### TASK PROMPT
All of the data, word for word and free of pictures, is the expected result.

### DATA BELOW
* * *

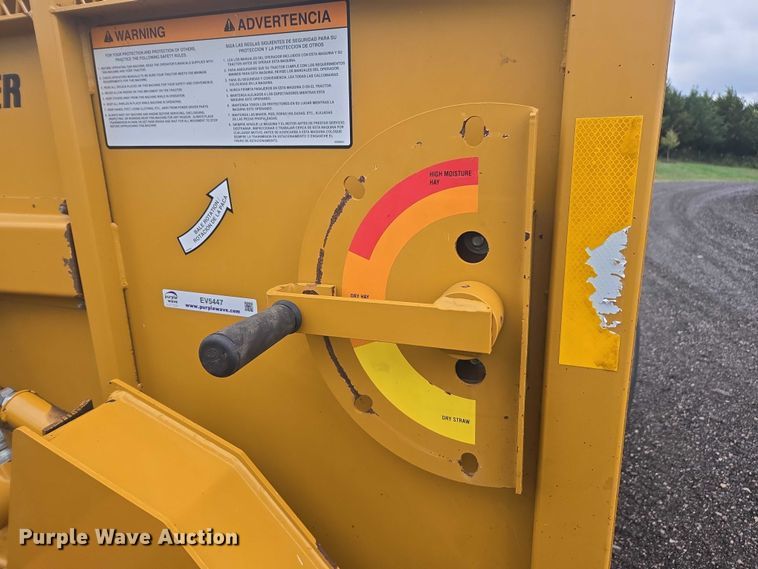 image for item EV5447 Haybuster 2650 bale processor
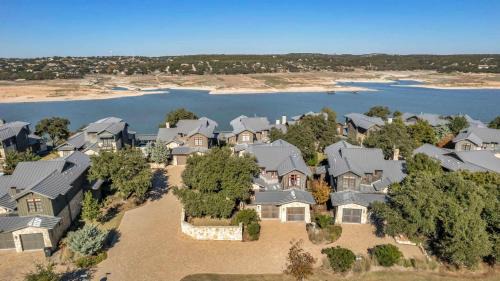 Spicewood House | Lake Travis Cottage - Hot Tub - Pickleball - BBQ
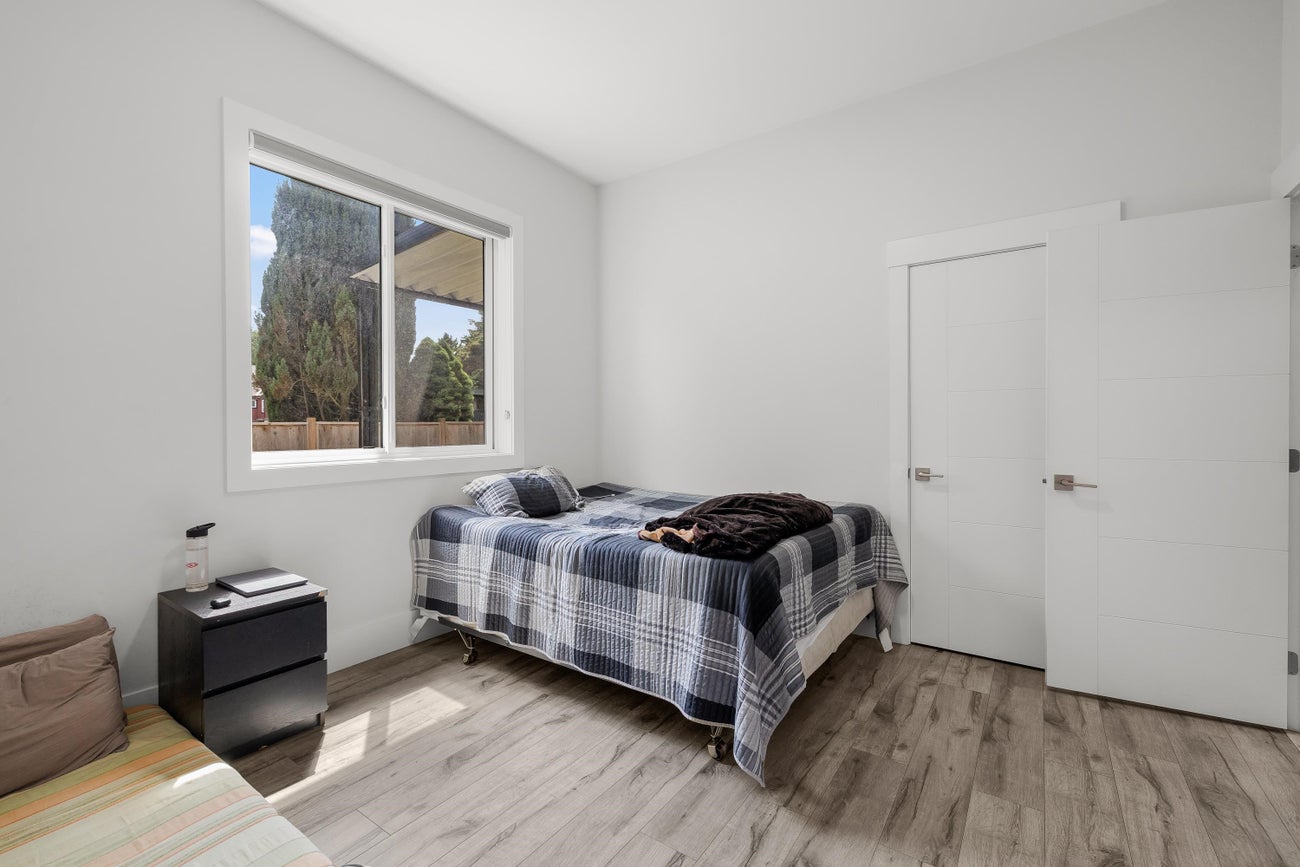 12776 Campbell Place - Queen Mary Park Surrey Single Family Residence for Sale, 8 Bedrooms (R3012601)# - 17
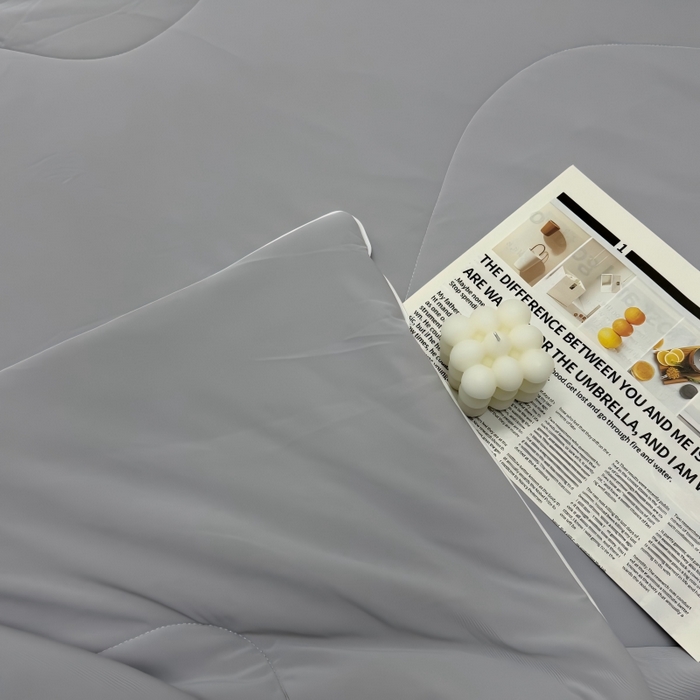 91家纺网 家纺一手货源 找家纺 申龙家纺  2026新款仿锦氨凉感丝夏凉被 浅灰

* * *

### TASK ANSWER
 image for item EV5447 Haybuster 2650 bale processor
 Spicewood House | Lake Travis Cottage - Hot Tub - Pickleball - BBQ
 12776 Campbell Place - Queen Mary Park Surrey Single Family Residence for Sale, 8 Bedrooms (R3012601)# - 17
 91家纺网 家纺一手货源 找家纺 申龙家纺  2026新款仿锦氨凉感丝夏凉被 浅灰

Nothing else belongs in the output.